Well, well, well, well, well! Who knew old Call-Me-Dave had it in him? Before Cameron headed off to Euroland last week he was being castigated by his backbenchers and the right-wing press as the love-child of Ted Heath and Neville Chamberlain. Now he's been adorned with Winnie's cigar and Maggie's handbag, along with other congratulatory baubles of Little England. (Full credit to Ana the Imp for her 'David and Goliath' allusion. The best comparison I can come up with is with a fictional British Prime Minister - also called David - who also stands up for his country, as portrayed in a light-hearted rom-com from several years ago).

Do I join those Brits whose sense of national self-regard was swelled at the sight of the PM, coolly and calmly explaining his decision on Friday morning? You bet.
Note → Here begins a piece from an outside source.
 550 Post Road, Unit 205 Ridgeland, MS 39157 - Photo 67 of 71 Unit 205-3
The idea of entering a giant fiscal union (or FU as its been brilliantly labelled by Daniel Hannan) in which control over our economy would be restricted is an abhortion. I have not yet looked into a cost/benefit analysis of a financial transaction/Robin Hood/Tobin tax just yet (though I'd be inclined to be sceptical of such measures), but if we were to have one, let it come from Westminster, not from Brussels, Paris or Berlin.



This view is rooted in an aversion to seeing the world's longest continually-running representative Parliament - that is, the first to establish the principle of its own supremacy over monarchical power - told what to do by bodies that don't seem very democratic at all. A formative issue for me personally was the row back in January/February over votes for prisoners. Whatever the merits of extending the franchise to frauds, murderers, thieves, rapists etc. may be (and again, I'd be... sceptical), the decision should be down to those that have a democratic mandate i.e. the politicians at Westminster, so they can take into account the views of their constituents before taking it. The decision should not rest in the hands of an unelected overseas court.
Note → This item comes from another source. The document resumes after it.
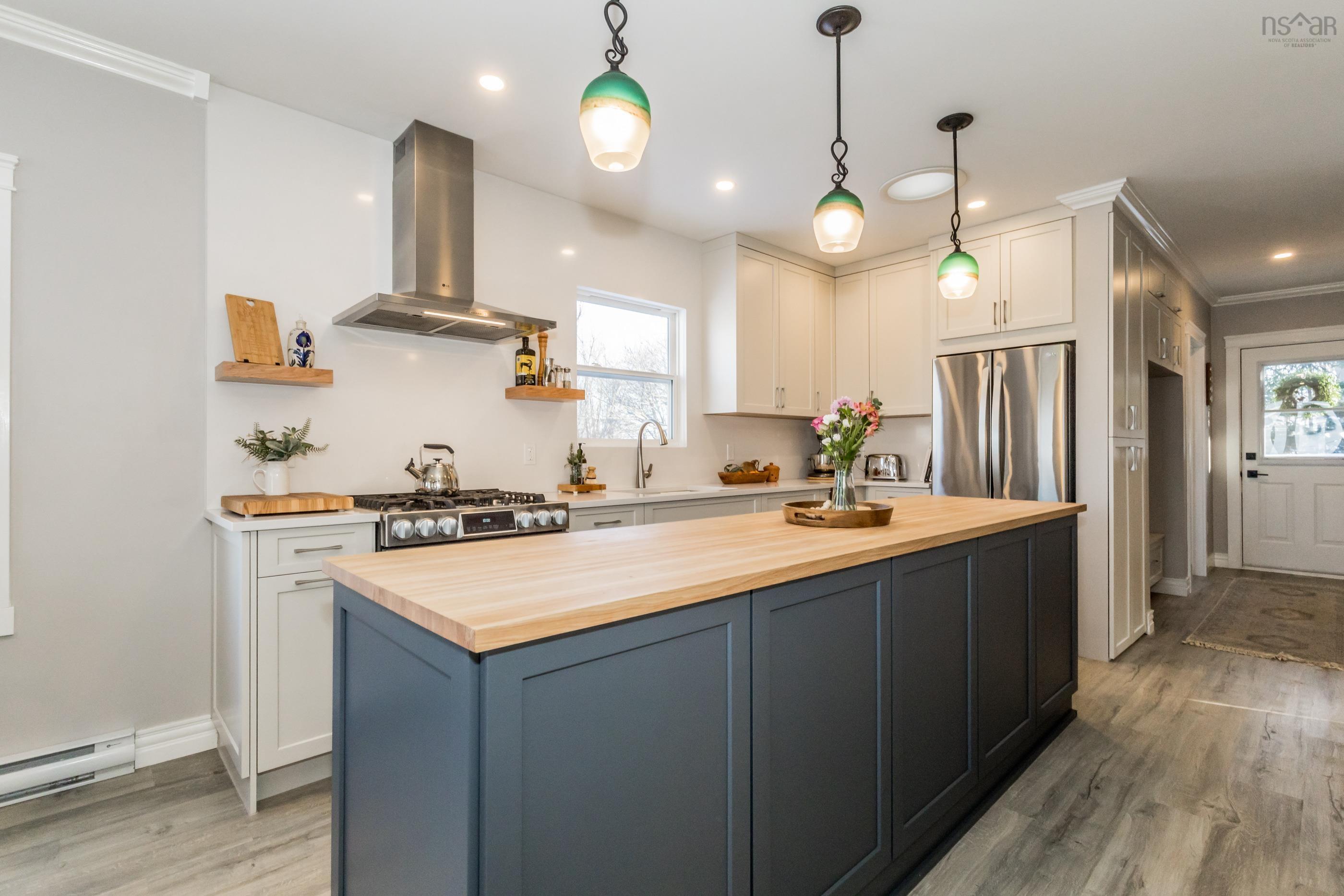 $699,000.00: 15 Hillcrest Avenue, Wolfville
So as I was proud of our Parliament when MPs across the board - led by a cross-party alliance between Jack Straw and David Davis - voted down that arrogant demand from the European Court of Justice, I am now proud of our Prime Minister for having the courage to use a certain two-letter word.

The other point it is important to consider about the EU Treaty's proposed financial transaction tax is that it would have had a disproportionate effect on Britain. The City of London may be a son of a bitch, to coin a phrase, but it's our son of a bitch. Of course, it caused us *ahem* certain difficulties back in 2008, but - whether the figures stick in your throat or not - Britain's financial services industry makes up around 10 per cent of our GDP, and around 17.5 per cent of national tax revenue. Why should we risk turning off the vast numbers of investors who come to London for the sake of the 'Save the Euro' campaign? Yes, the bloody, bloody Euro: surely the world's first currency to be founded solely on stupid utopian "hope 'n change" idealism, and most certainly a strong contender for the Ozymandias of our era (and that's up against some pretty stiff competition in these soulless times...Dubai's a good one, and that comes with its own sand.)

France and Germany have their economic sacred cows - agriculture and the car industry respectively - so why should it be the British, who wisely stayed away from the Euro, that have to cough up the most? The suggestions that it was all part of Nicolas Sarkozy's neo-Gaullist plot to deflect attention onto the evils of Anglo-Saxon capitalism thereby a) convincing everybody that the Eurozone crisis has nothing to do with the Euro and b) winning an upcoming general election are all very interesting. In the absence of any less conspiratorial explanations, and having as I do a little knowledge of historic French resentment of the English-speaking world (do read up! Often hilarious; sometimes not, especially for Rwandan Tutsis), I'm inclined to go with them.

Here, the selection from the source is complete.